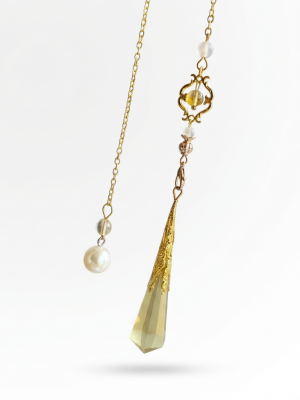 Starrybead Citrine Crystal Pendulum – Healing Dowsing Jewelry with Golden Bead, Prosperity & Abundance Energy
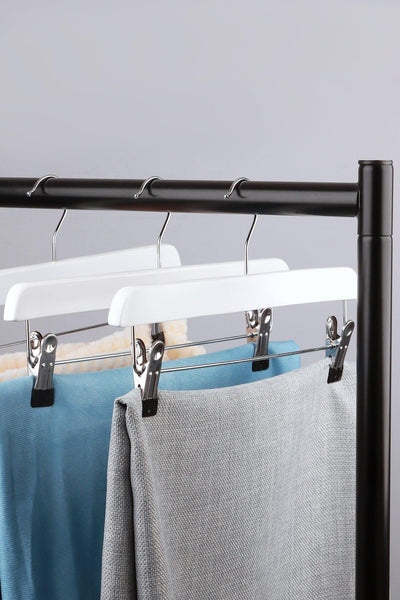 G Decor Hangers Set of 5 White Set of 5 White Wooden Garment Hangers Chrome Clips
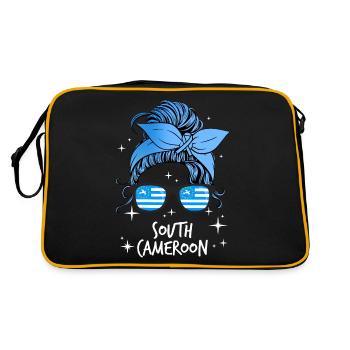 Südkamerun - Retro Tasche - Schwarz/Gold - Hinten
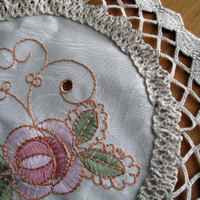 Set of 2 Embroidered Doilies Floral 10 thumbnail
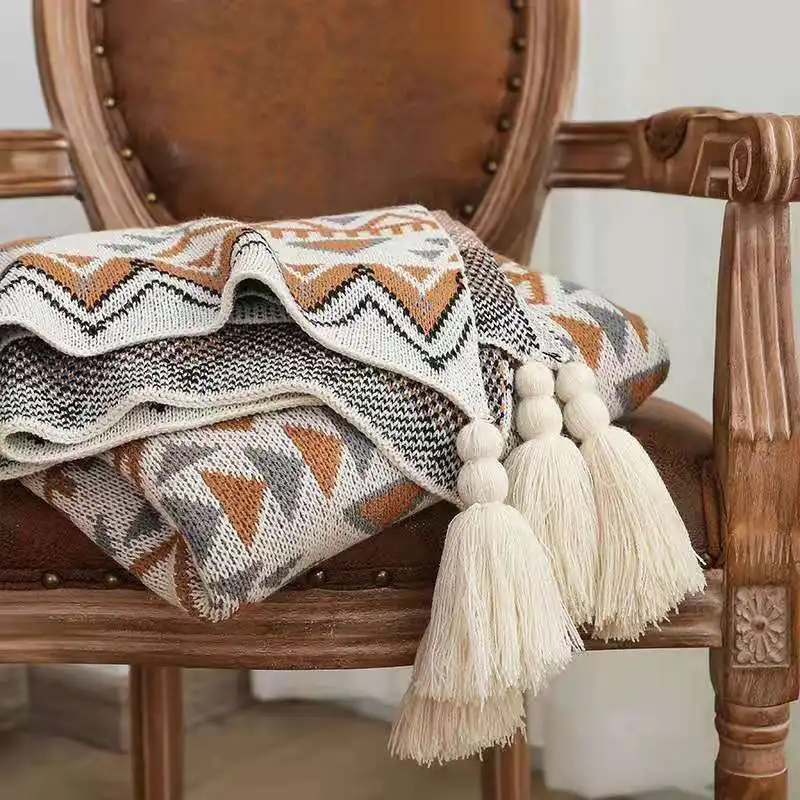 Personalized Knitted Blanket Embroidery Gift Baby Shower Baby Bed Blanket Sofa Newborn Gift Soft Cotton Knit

------------

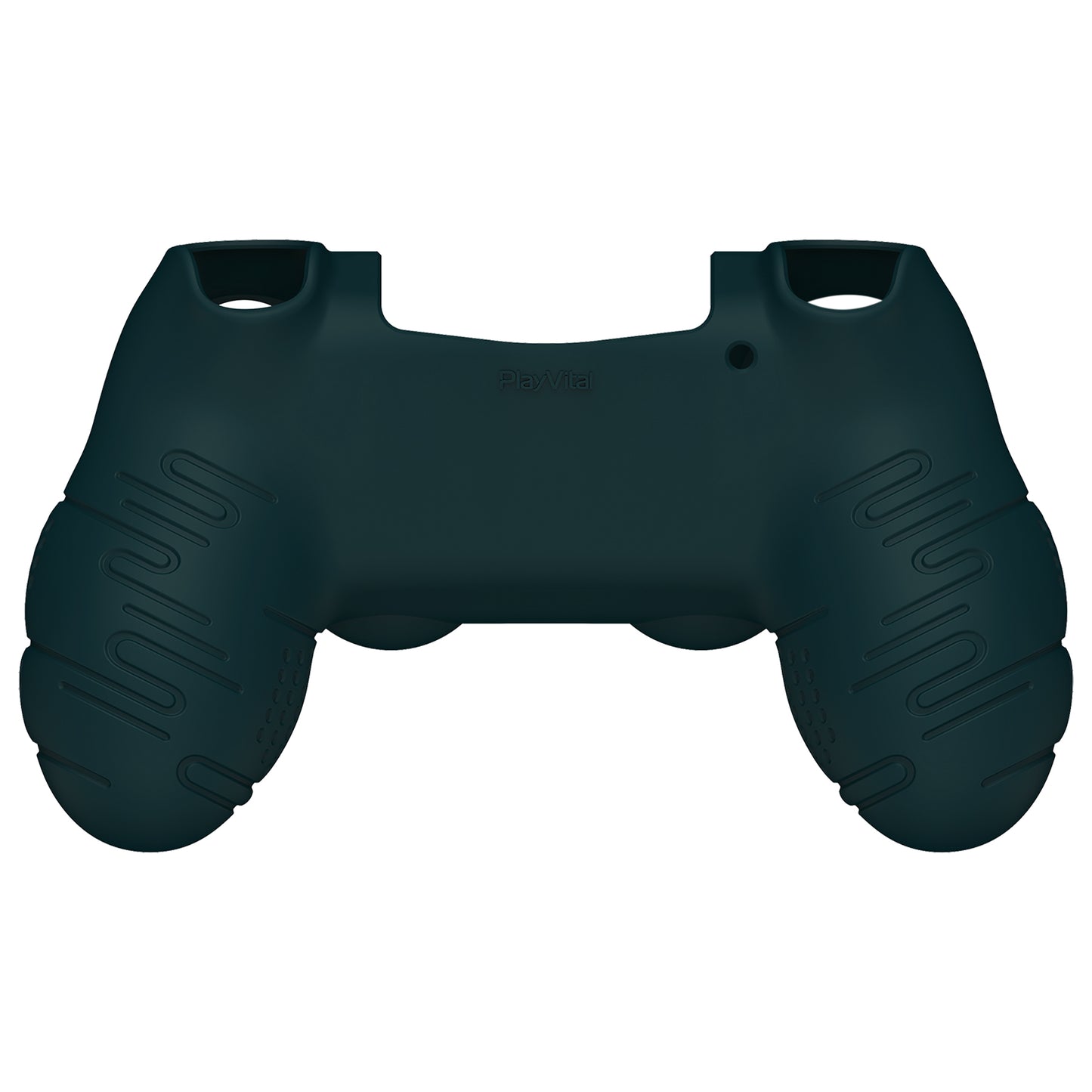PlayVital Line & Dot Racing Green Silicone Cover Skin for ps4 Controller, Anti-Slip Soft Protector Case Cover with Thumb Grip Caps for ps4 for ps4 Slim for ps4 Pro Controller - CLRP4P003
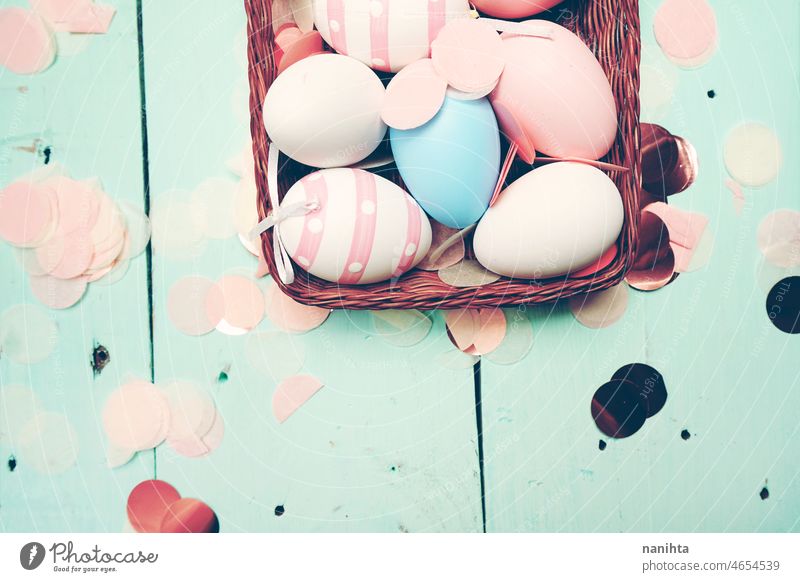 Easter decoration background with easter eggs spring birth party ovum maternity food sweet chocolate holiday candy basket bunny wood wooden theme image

------------

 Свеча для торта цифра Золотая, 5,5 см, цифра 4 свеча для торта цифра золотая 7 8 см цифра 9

------------

__How to complete this task__
Could you write out exactly the lines of the data above that run from the one holding "Südkamerun - Retro" to the one holding "Personalized Knitted Blanket", with both ends in and all pictures out?

__Response area__
 Südkamerun - Retro Tasche - Schwarz/Gold - Hinten
 Set of 2 Embroidered Doilies Floral 10 thumbnail
 Personalized Knitted Blanket Embroidery Gift Baby Shower Baby Bed Blanket Sofa Newborn Gift Soft Cotton Knit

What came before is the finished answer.